Un tunisino di 53 anni è stato espulso per motivazioni legate alla sicurezza nazionale e al terrorismo. Minacciò un volontario della mensa Caritas di Latina inneggiando alla vendetta per la morte di Anis Amri

Terrorismo, espulso tunisino: "Avete ucciso mio fratello Amri"

Un tunisino di 53 anni è stato espulso oggi dall’Italia per motivazioni legate alla sicurezza nazionale. Lo ha comunicato, in una nota, il ministero dell’Interno.

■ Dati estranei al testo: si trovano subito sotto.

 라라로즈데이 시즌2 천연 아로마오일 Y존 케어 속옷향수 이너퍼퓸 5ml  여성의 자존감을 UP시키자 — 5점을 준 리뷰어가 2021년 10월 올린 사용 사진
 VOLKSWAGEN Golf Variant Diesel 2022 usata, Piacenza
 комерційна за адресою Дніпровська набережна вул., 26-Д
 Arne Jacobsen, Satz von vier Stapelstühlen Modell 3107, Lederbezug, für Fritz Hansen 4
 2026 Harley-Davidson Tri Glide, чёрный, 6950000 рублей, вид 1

L’uomo, “pluripregiudicato per reati comuni, in posizione irregolare sul territorio nazionale e senza fissa dimora", ha lasciato oggi l’Italia con un volo partito dall'aeroporto di Palermo, dopo aver minacciato alcuni volontari della mensa Caritas di Latina, pronunciando frasi di vendetta per la morte di Anis Amri, l’attentatore tunisino che uccise 12 persone, compresa una nostra connazionale, scagliandosi con un tir su un mercatino di Natale a Berlino.

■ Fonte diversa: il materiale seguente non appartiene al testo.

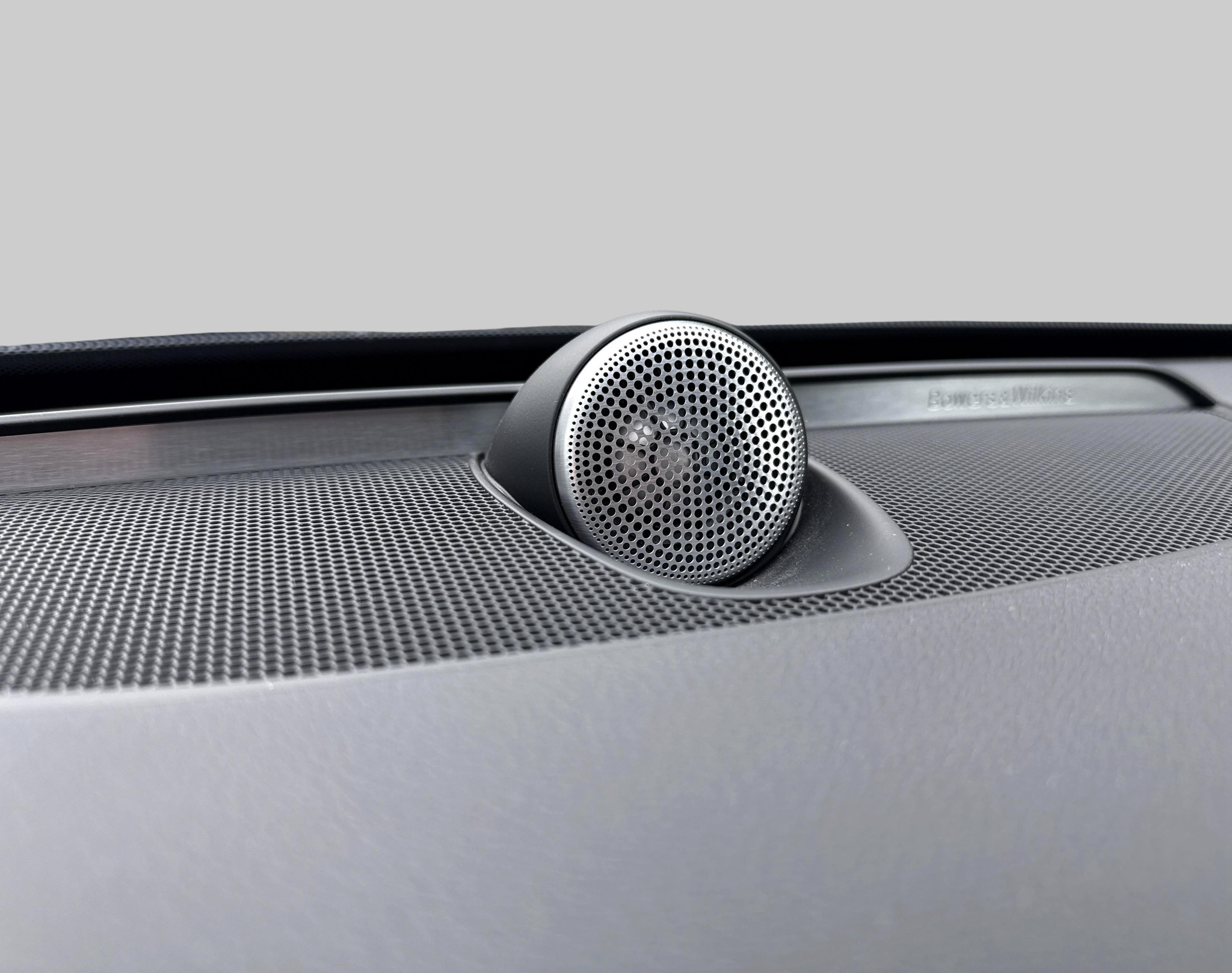 listing desktop thumbnail image 14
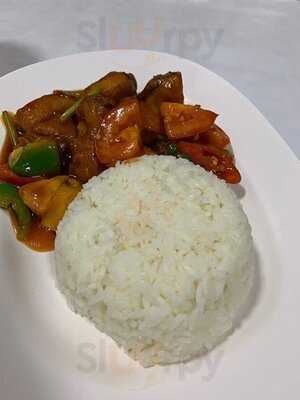 สุกี้เจหรูยี่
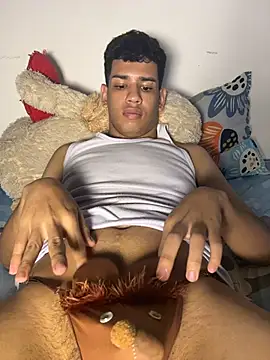 Snapshot of Santiago-Thompson chatting on 11-08-25, 06:35 Santiago-Thompson online show from 11-08-25, 06:35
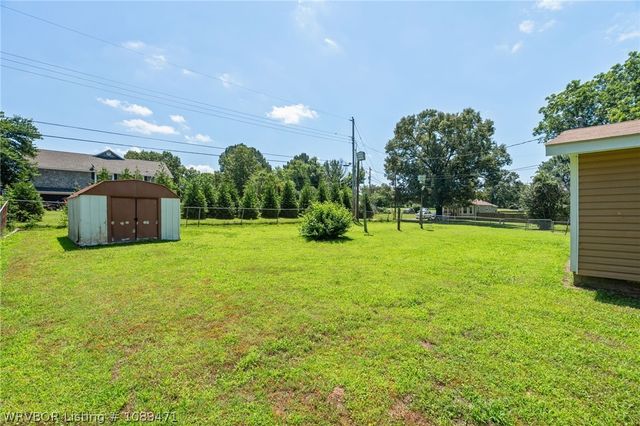 1506 Eastgate Est, Van Buren, AR 72956
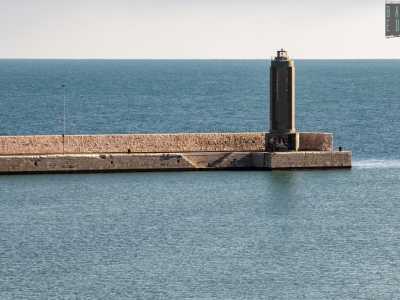La sua luce illumina il mare di sera per un raggio di quasi nove miglia marine, indicando ai pescatori la via per tornare a casa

Il 28 dicembre scorso, infatti, durante la distribuzione dei pasti nella mensa Caritas di Latina, l'uomo si sarebbe rivolto contro gli operatori urlando: “io non mangio questa m...”. Successivamente, si legge nella nota diramata dal ministero dell’Interno, il tunisino ha minacciato uno dei volontari, intervenuto per calmarlo. “Io esco fuori, ti aspetto, occhio per occhio dente per dente, perché i tuoi fratelli hanno ammazzato un mio fratello a Milano", ha detto il tunisino all’operatore, riferendosi chiaramente alla morte dell’attentatore di Berlino, ucciso in uno scontro a fuoco con un agente della polizia italiana il 23 dicembre scorso, a Sesto San Giovanni, nel milanese.

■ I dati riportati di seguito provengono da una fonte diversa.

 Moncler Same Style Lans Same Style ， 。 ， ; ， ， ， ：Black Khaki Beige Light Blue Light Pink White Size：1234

Dopo essersi allontanato dalla mensa Caritas dove era avvenuta la discussione, l’uomo è stato, quindi, rintracciato dal personale della Questura di Latina, che lo ha arrestato, secondo quanto riferisce il Viminale, “per reati di violenza privata aggravata dalla finalità di terrorismo e istigazione a delinquere”. “Il 29 dicembre 2016, l'Autorità Giudiziaria ha convalidato l'arresto e il cittadino tunisino è stato trasferito presso il Cie di Caltanissetta”, si legge ancora nella nota diffusa dal ministero dell’Interno, “per essere rimpatriato oggi dalla frontiera aerea di Palermo verso Tunisi".

Proprio in provincia di Latina, a Campoverde, frazione di Aprilia, Anis Amri, aveva soggiornato, per alcuni mesi nel 2015, ospite di un suo connazionale, attualmente detenuto nel carcere di Velletri.

Il rimpatrio di oggi, fa sapere il ministero in una nota, è "il quinto del 2017”. Salgono, quindi, “a 137 i soggetti gravitanti in ambienti dell'estremismo religioso espulsi con accompagnamento in frontiera dal gennaio 2015 ad oggi", conclude il Viminale.